The sheer economic component involved, the now worthlessness of the homes in question, the health concern, the litigation and insurance costs all contribute to lawsuits related to Chinese drywall.
- Center for Disease Control and Prevention: Drywall Information Center at https://www.cpsc.gov/safety-education/safety-education-centers/drywall-information-center/interagency-drywall-investigation. Accessed December 27, 2009.
- “CPSC Releases 2nd Chinese Drywall Report; Corrosion Link Cited,” The PopTort.com at www.thepoptort.com/chinese-drywall/, November 24, 2009. Accessed December 27, 2009
- Moran, Kate. “Chinese drywall lawsuits to be consolidated in federal court in New Orleans,” The Times-Picayune. Nola.com: New Orleans Metro Real-Time News: Breaking Local News from New Orleans, Louisiana at http://www.nola.com/news/index.ssf/2009/06/chinese_drywall_lawsuits_to_b… ml, June 15, 2009. Accessed December 27, 2009.
- Hanna, Jason. “Chinese-made drywall ruining homes, owners say,” CNN.com/US at http://www.cnn.com/2009/US/03/18/chinese.drywall/index.html?TB_iframe=true&height=500&width=750. Accessed December 27, 2009
Signs of Defective Drywall
No definite test can be done to determine whether a home contains tainted Chinese drywall. There are no rigorous assessment programs or guidelines to follow to figure out whether a home contains the Chinese drywall.
However, there are several distinct signs that may point to the problem.
The first sign is a strong odor of what’s described by many as rotten eggs, or sulfur. Sometimes, the smell can get so bad that the homes must be evacuated.

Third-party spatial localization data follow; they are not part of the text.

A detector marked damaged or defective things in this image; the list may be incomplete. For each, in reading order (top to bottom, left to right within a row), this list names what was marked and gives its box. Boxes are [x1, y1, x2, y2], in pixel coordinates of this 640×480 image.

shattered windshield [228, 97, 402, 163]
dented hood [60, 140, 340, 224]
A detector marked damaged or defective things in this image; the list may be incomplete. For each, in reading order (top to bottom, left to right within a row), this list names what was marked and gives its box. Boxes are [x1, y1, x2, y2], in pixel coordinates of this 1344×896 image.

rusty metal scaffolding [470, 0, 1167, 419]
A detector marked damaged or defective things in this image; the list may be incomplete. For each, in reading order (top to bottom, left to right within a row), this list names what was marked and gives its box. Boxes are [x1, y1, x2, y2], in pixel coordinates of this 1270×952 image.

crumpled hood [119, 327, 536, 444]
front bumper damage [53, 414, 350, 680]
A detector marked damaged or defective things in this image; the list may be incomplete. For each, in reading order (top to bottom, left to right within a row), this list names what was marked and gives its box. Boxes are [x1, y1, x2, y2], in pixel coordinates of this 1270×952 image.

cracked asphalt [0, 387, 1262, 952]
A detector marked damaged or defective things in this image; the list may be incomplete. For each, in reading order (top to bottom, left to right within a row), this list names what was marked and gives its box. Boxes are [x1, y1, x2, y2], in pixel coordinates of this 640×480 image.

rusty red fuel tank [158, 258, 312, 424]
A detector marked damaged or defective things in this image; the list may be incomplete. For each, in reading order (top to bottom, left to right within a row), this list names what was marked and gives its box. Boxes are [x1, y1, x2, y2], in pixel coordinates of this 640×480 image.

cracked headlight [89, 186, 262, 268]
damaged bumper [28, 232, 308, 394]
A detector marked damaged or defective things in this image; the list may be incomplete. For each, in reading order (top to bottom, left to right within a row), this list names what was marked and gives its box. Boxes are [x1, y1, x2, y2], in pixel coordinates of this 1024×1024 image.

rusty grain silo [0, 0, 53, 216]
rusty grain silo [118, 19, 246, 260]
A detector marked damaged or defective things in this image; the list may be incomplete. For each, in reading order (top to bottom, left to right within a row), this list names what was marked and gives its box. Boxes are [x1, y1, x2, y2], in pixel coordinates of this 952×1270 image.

Another sign of defective drywall are frequent repairs to air conditioning units. The AC’s evaporator coils normally last well over a ten year period; however, the fumes from the Chinese drywall can corrode the coils. Watch for other household appliances to begin to fail as well—such as microwaves, refrigerators, ovens, and computers. Guitar strings, jewelry, and silverware will tarnish quickly. Mirrors and copper fittings will turn black.
Of course, there are the health issues as well, but these signs can be more difficult to detect or link to the defective drywall. Eye irritation, breathing problems, headaches can all be contributed to allergies or even the common cold.
If the health symptoms occur in conjunction with the appliance and hardware failure, chances are excellent that the home may contain Chinese drywall. The thickness of the drywall sheets can sometimes help in determining whether the home has the tainted drywall. Lori A. Striet, Ph.D., from Unified Engineering stated that most Chinese drywall is at a half inch thick, but some of the tainted drywall can also be at five-eighths. Some of the drywall is also simply labeled “Made in China,” but not all drywall from China is contaminated.
Top Eight Signs of Chinese drywall:
- Reoccurring air-conditioning failures.
- Corroded electrical wiring. Corrosion in electrical sockets as well.
- Corroded plumbing.
- Metal jewelry, mirrors, and silverware turn black.
- Appliance failure.
- A rotten egg like or sulfur smell.
- Rust on galvanized metal.
- Health problems, especially respiratory related.